From web11.forest at tibit.com  Fri Mar 15 21:16:32 2013
From: web11.forest at tibit.com (Forest)
Date: Fri, 15 Mar 2013 13:16:32 -0700
Subject: [Email-SIG] BytesFeedParser.close().get_boundary() returns string;
	I want bytes
Message-ID: <lts6k89br7f0hihk4ce4juoeehak6srm5m@4ax.com>

Hi there.

I'm planning to write an email stream indexer that locates the byte offsets
of each MIME body-part, sub-part, preamble, epilogue, etc. and avoids
pulling an entire message into memory.  (The existing email package doesn't
seem to offer this functionality.)  I will most likely use BytesFeedParser
to parse message headers.

I just discovered that the Message object produced by BytesFeedParser
returns a string from get_boundary().  I expected it to return bytes,
because my input is bytes and I will therefore have to compare each boundary
with bytes while indexing.  I can convert the string to bytes using the
ascii codec, but I thought I'd raise the issue here in case the current
behavior is a bug.  Considering the restrictions that rfc 2046 places on
boundary characters and its requirement to respect ancestor boundary markers
when parsing nested messages, I'm struggling to think of a situation where
the current behavior is useful.  Shouldn't get_boundary() return something
that can be found within the input data?

From rdmurray at bitdance.com  Fri Mar 15 23:34:54 2013
From: rdmurray at bitdance.com (R. David Murray)
Date: Fri, 15 Mar 2013 18:34:54 -0400
Subject: [Email-SIG] BytesFeedParser.close().get_boundary() returns
	string; I want bytes
In-Reply-To: <lts6k89br7f0hihk4ce4juoeehak6srm5m@4ax.com>
References: <lts6k89br7f0hihk4ce4juoeehak6srm5m@4ax.com>
Message-ID: <20130315223454.BFE59250BE2@webabinitio.net>

On Fri, 15 Mar 2013 13:16:32 -0700, Forest <web11.forest at tibit.com> wrote:
> ascii codec, but I thought I'd raise the issue here in case the current
> behavior is a bug.  Considering the restrictions that rfc 2046 places on
> boundary characters and its requirement to respect ancestor boundary markers
> when parsing nested messages, I'm struggling to think of a situation where
> the current behavior is useful.  Shouldn't get_boundary() return something
> that can be found within the input data?

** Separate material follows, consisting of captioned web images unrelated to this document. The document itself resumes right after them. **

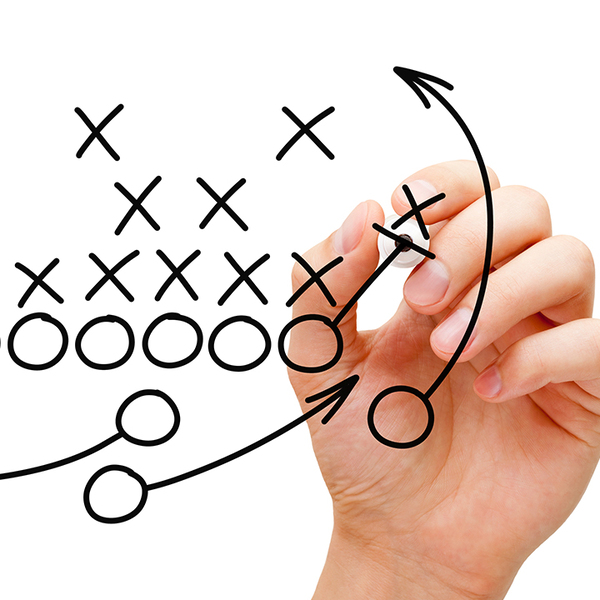 Hand of coach drawing American football strategy with black marker on white background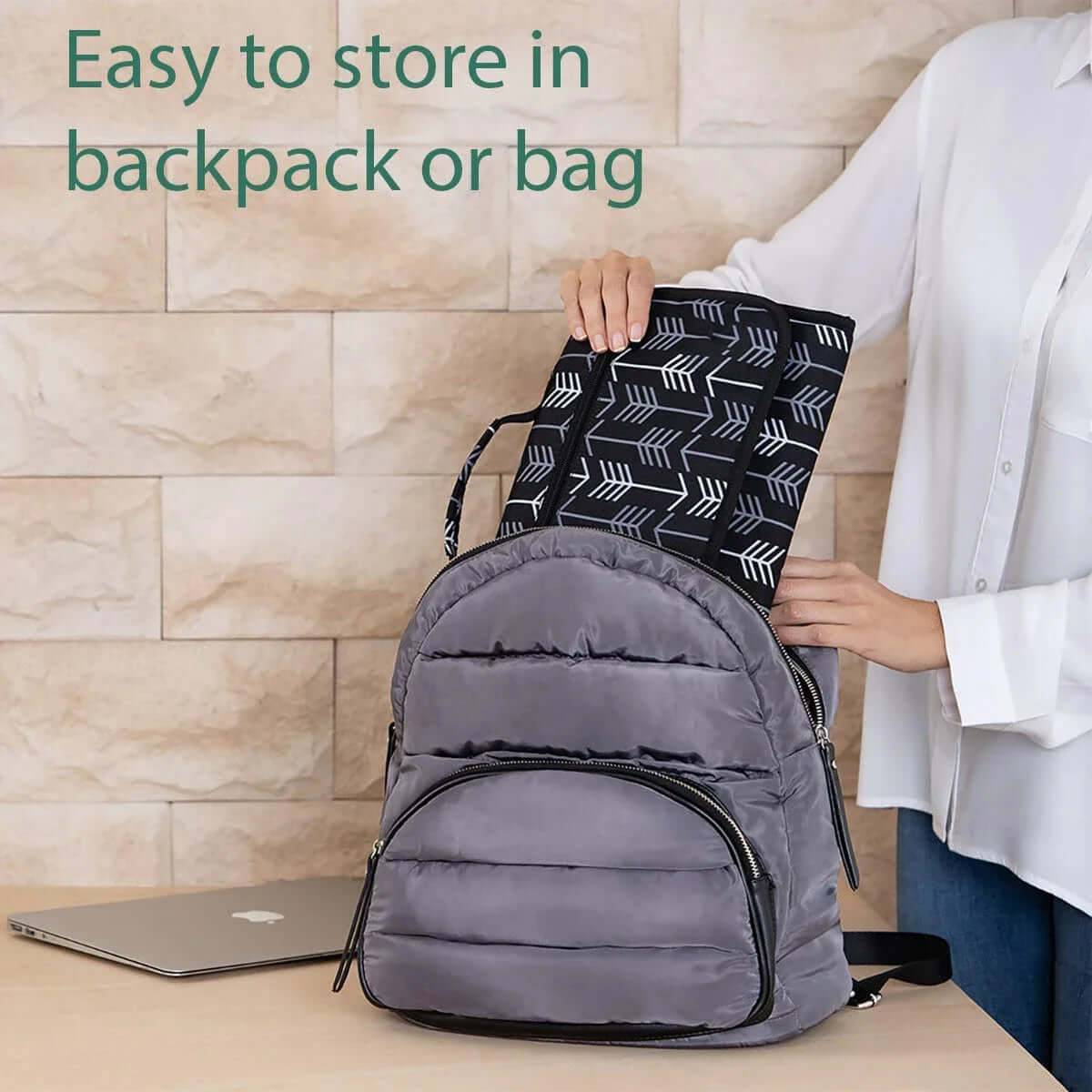 A person placing the portable baby nappy changing mat into a backpack for easy storage on the go.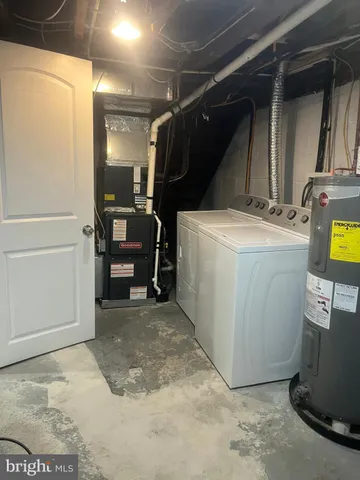 a view of storage and utility room with washer and dryer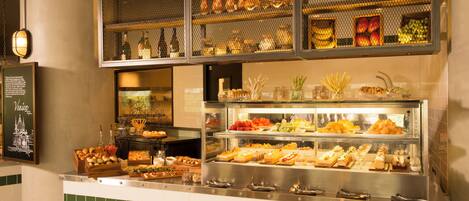 A buffet area with various food items and a display of bottles.
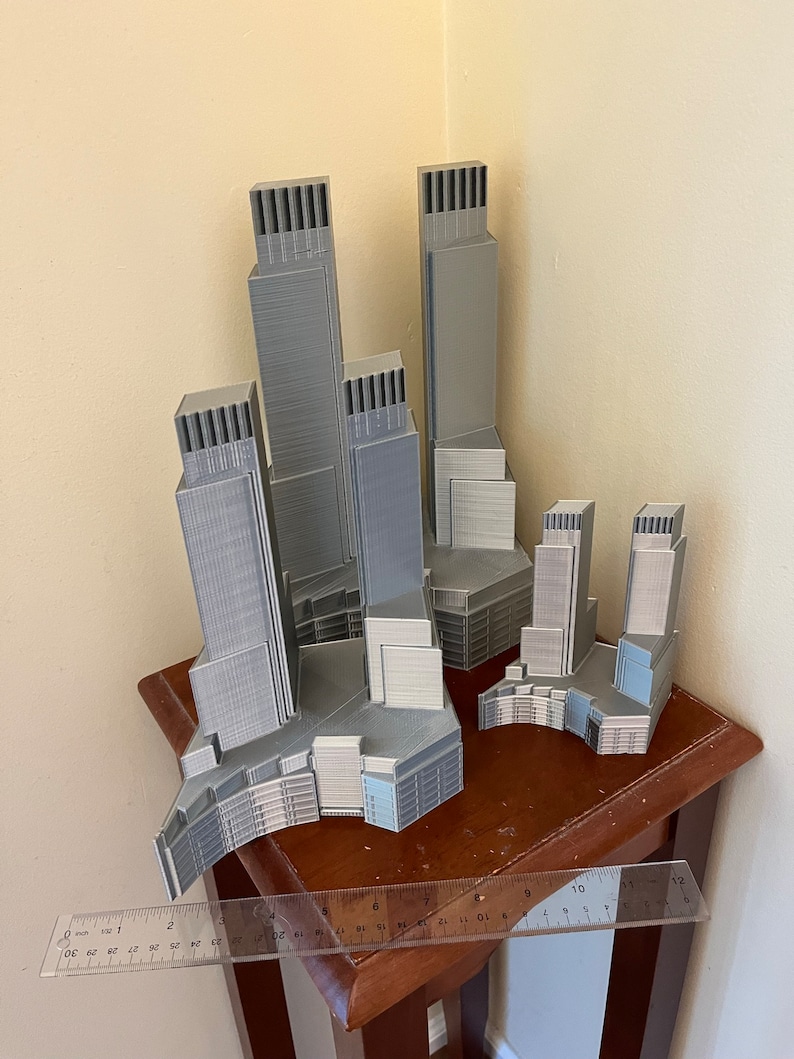 Op de afbeelding: Een set van vijf 3D-geprinte grijze wolkenkrabbers, elk met een uniek ontwerp, gerangschikt op een houten tafel met een liniaal voor schaal.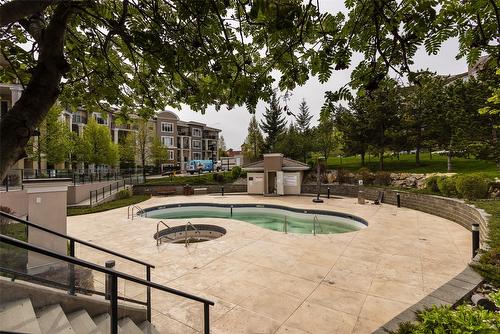 1105-3168 Via Centrale Road, Kelowna, BC - Outdoor With In Ground Pool With Backyard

Well, you have to understand that the email package was written
when Python didn't make any distinction between bytes and strings.
What email in Python3 is doing is transforming the input into
string (unicode) right away, and carrying any non-ascii
bytes along until it has parsed enough information from the message
to recover them and convert them into real unicode. 

BytesParser is parsing bytes input and *turning it into
unicode*.  The model is the same regardless of whether
the input is bytes or already string. get_boundary
is a method on the model (the Message) and is thus
retrieving a string from the model and returning it.

That said, we have discussed adding methods for accessing the
binary form in various contexts.  We have also discussed
providing a stream version of message parsing and generation,
and at a minimum a way to store message bodies externally
(eg in a file).  I've got these as development goals and
welcome help in doing so.

--David